Sheldon Allan Silverstein (1930 - 1999) was a bit of a renaissance man. Poet, musician, writer, cartoonist, humorist, and later as Uncle Shelby, a children's book author (!), Silverstein was a long-time contributor to PLAYBOY beginning in the August, 1956 issue. Best known for his scriggly-lined cartoons and his off-the-map travelogues, Silverstein's madcap ideas and writings had an equal dash of counterculture, reflecting hip current events and the avant garde.

 The bald, bearded Silverstein was also a songwriter, musician, and he pressed a number of LP's, such as Freakin' at the Freaker's Ball.
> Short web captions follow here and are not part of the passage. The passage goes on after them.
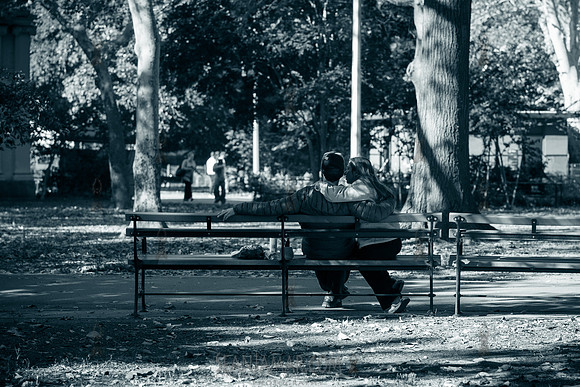 CPF Partnership For Parks - North Brooklyn Parks Alliance Garden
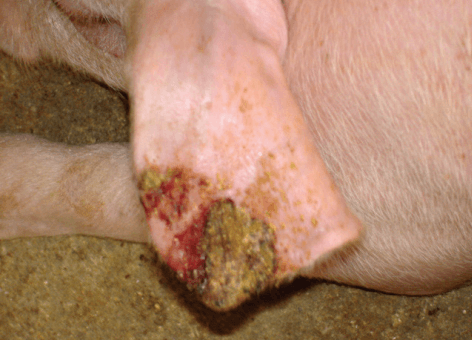 Necrose de orelha em suínos - Image 2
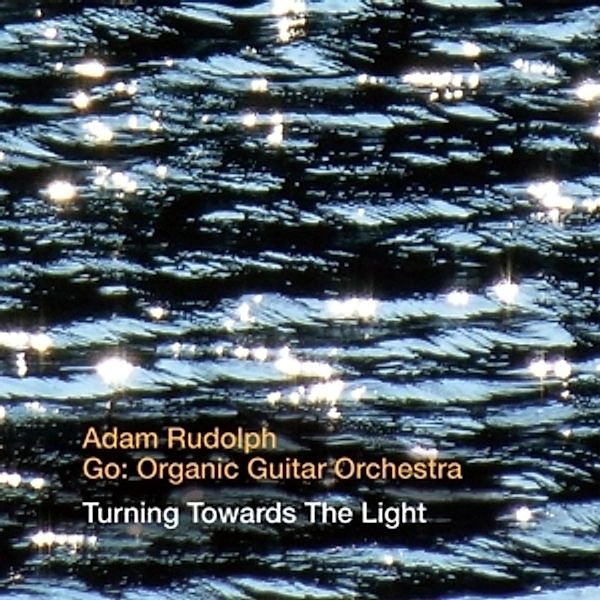 Turning Towards The Light, Adam Rudolph, Go:Organic Guita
He was behind the creation of such hits as Johnny Cash's historic tune, "A Boy Named Sue" and Dr. Hook's "The Cover of the Rolling Stone". I heard him sing his song, "The Unicorn", on TV. Silverstein's zany compositions eventually earned him a permanent spot in the song rotation during Dr. Demento's famous show.

As a Monster Kid, I was thrilled to see the occasional still from a monster movie in his pictorial satire series for PLAYBOY. Originally titled Teevee Jeebies, in the July, 1959 issue, subsequent installments were given headings such as, Bride of Teevee Jeebies and I Was a Teenage Teevee Jeebie. Eventually, PLAYBOY PRESS published two volumes collecting the series.

The August, 1962 issue was a surprise. Included was Silverstein's latest, Teevie Jeebies Meets the Wolfman, and was exclusively dedicated to monster movies.

I can't help but to wonder if this is the origin point of the fumetti-style monster photos with word balloons used not much later by numerous monster magazines. These also predate the first issue of MONSTERS TO LAUGH WITH (1964), begging the question, could Shel Silverstein's Teevee Jeebies in PLAYBOY have been the inspiration for Stan Lee's Marvel monster satire magazines?

1 comment:

DRB in Karloffornia said...

This post brought back some great memories. Shel Silverstein was a great writer and humorist. I had forgotten the Teevee Jeebies; thanks for bringing them back!